Alabi is having none of those explanations. “Since being here, just talking about the ones who come in ‘too late,’ I find many of these people find themselves under the care of a physician—not a vascular surgeon—for years,” she says. “They were doing their best to be seen about their problems and that problem was not appropriately addressed.” Which neatly sets up Alabi’s career ambitions as an academic surgeon: “I am an early career investigator and my overarching goal is to reduce the rate at which people get major lower-extremity amputations and particularly targeting vulnerable populations, being Black and brown patients as well as veterans.”

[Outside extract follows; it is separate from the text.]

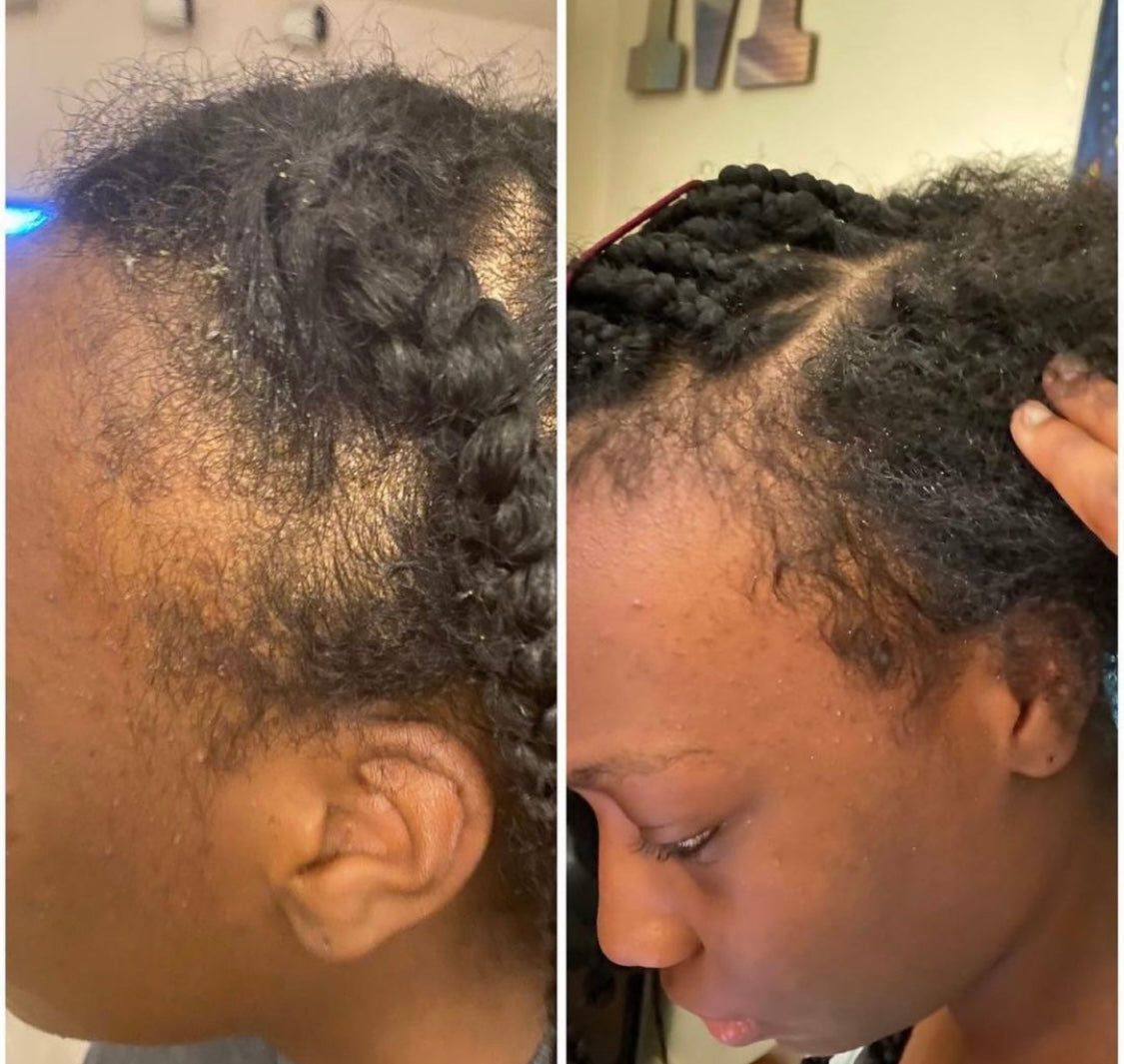 Hair Growth Oil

She is plagued, though, by a bigger question. “There are a lot of studies about health disparities and health equity, particularly when it relates to ‘Black race.’ But what does Black race mean? If there’s no real genetic component that predisposes people to have these poor outcomes, then what does Black race really mean? Is it a surrogate for a high-risk group based on where they live—so is it place not race? Is it a surrogate for a higher rate of—or higher rate of untreated—comorbidities, so microvascular disease, hypertension, smoking, diabetes, renal disease? To me, Black race is the way that people have tried to frame this, knowingly or unknowingly, so that it is unsolvable. I think the bigger problem is actually the social determinants of health, so it’s place not race.”

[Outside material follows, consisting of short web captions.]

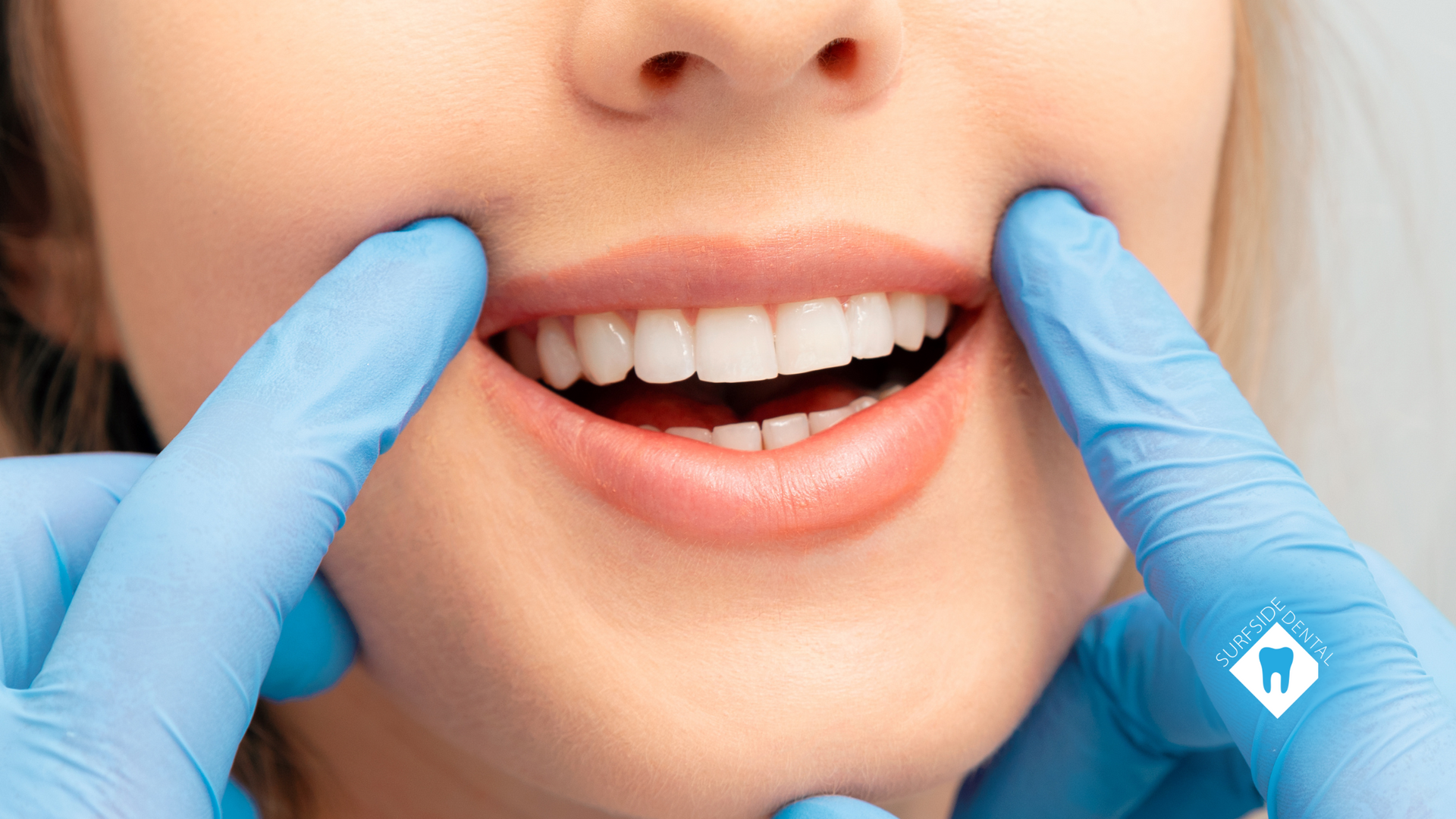 A person's smile is being held open by gloved hands, revealing bright white teeth.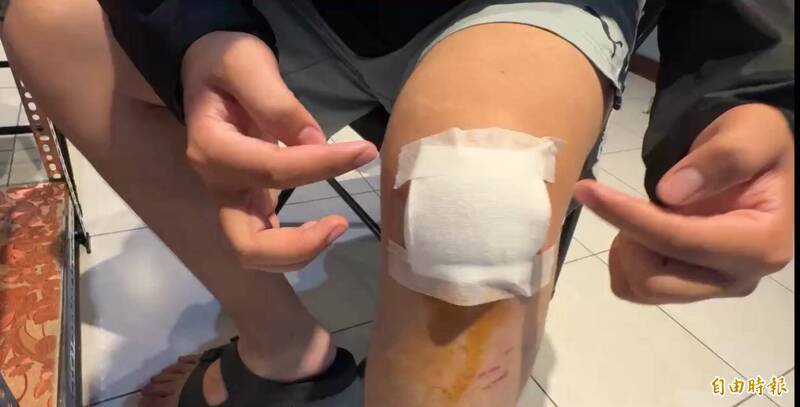 赖姓男子在基隆中山隧道看到长发女子后连日心神不宁摔车,手肘和膝盖受伤。(记者卢贤秀摄) 赖姓男子在基隆中山隧道看到长发女子后连日心神不宁摔车,手肘和膝盖受伤。(记者卢贤秀摄)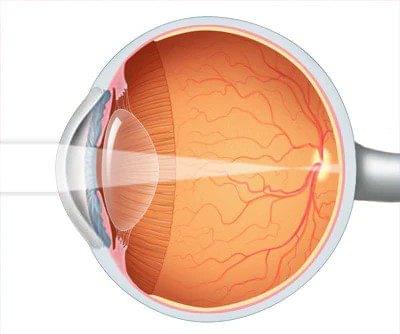 myopia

On the ground, in places predominantly Black or brown, signs of disinvestment can be stark. It’s often chronic, going back hundreds of years, Alabi points out. “These pre-pandemic ills have been going on for so long, they’ve been pervasive and there has been no real public health push to fix these things. Because what’s the bottom line

if you’re a policymaker? Why do I have to fix the fact that there are food deserts in these particular locations? There’s no accessibility to healthier foods; you can’t even find a grocery store; there’s more or less only fast food locations everywhere. How do you fix those things, should we fix those things and how am I going to allocate money to something like that? Clearly, it hasn’t been important from a political standpoint.” That is to say, Alabi concludes, the social determinants of health are just as important as the political ones in the theater of disparities and inequities.

3 COMMENTS

  1. Thank you for sharing this article. I appreciate when my perspective can be shifted. I have known most issues of health in the the Black community to only focus on race. Dr. Olamide Alibe is right–the issue becomes unsolvable when you focus on race. You cannot change your race, but the issues happening in your place can (of course with a lot of intentional, focused effort from policymakers, votes, community leaders, etc.

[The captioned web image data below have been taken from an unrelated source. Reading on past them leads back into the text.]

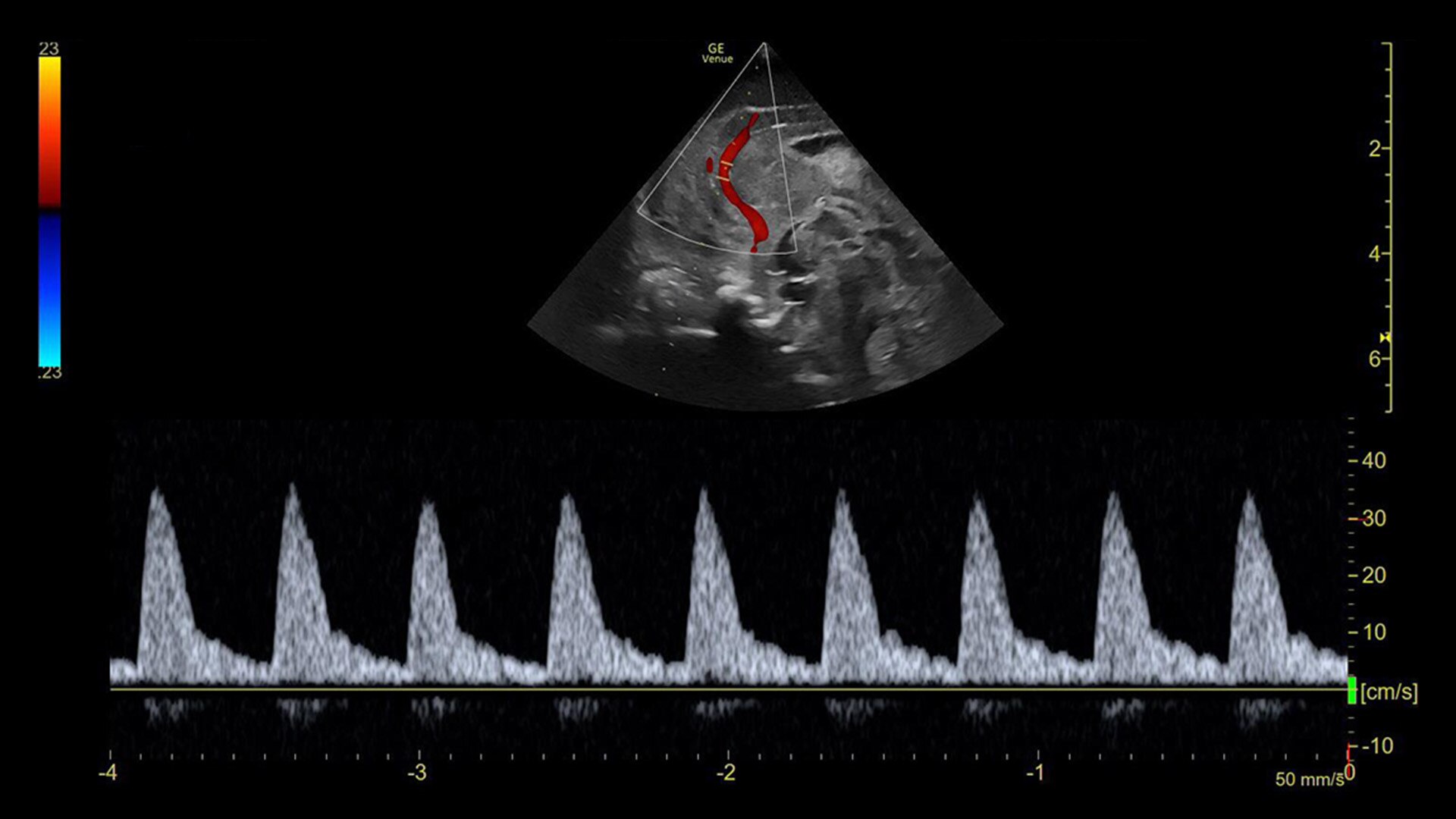 Product Media Carousel Image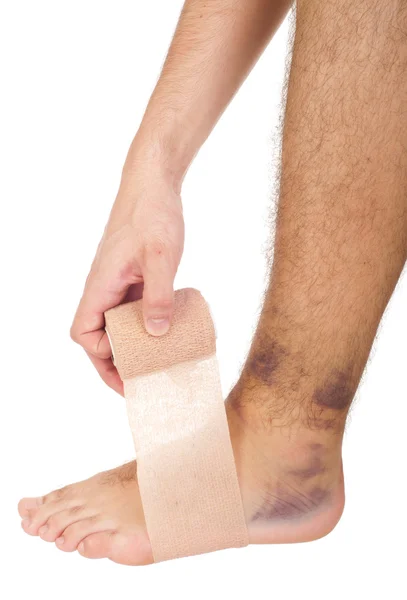 Bandaging a sprained ankle — Stock Photo, Image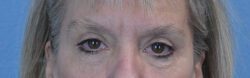 Blepharoplasty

  2. Change does not take place until situations are identified, acknowledged and then addressed. unfortunately often these steps must be addressed over and over again.

  3. Dr Alabi
    Thank you for bringing attention to these health care disparities. The data has been pointing to these differences in minority populations for decades yet very few have ever been bold enough to really address these differences to bring about change. I applaud your commitment and outspokenness. I have been encouraged the SVS has recently taken steps to address these timely and important issues and embrace diversity within our own ranks.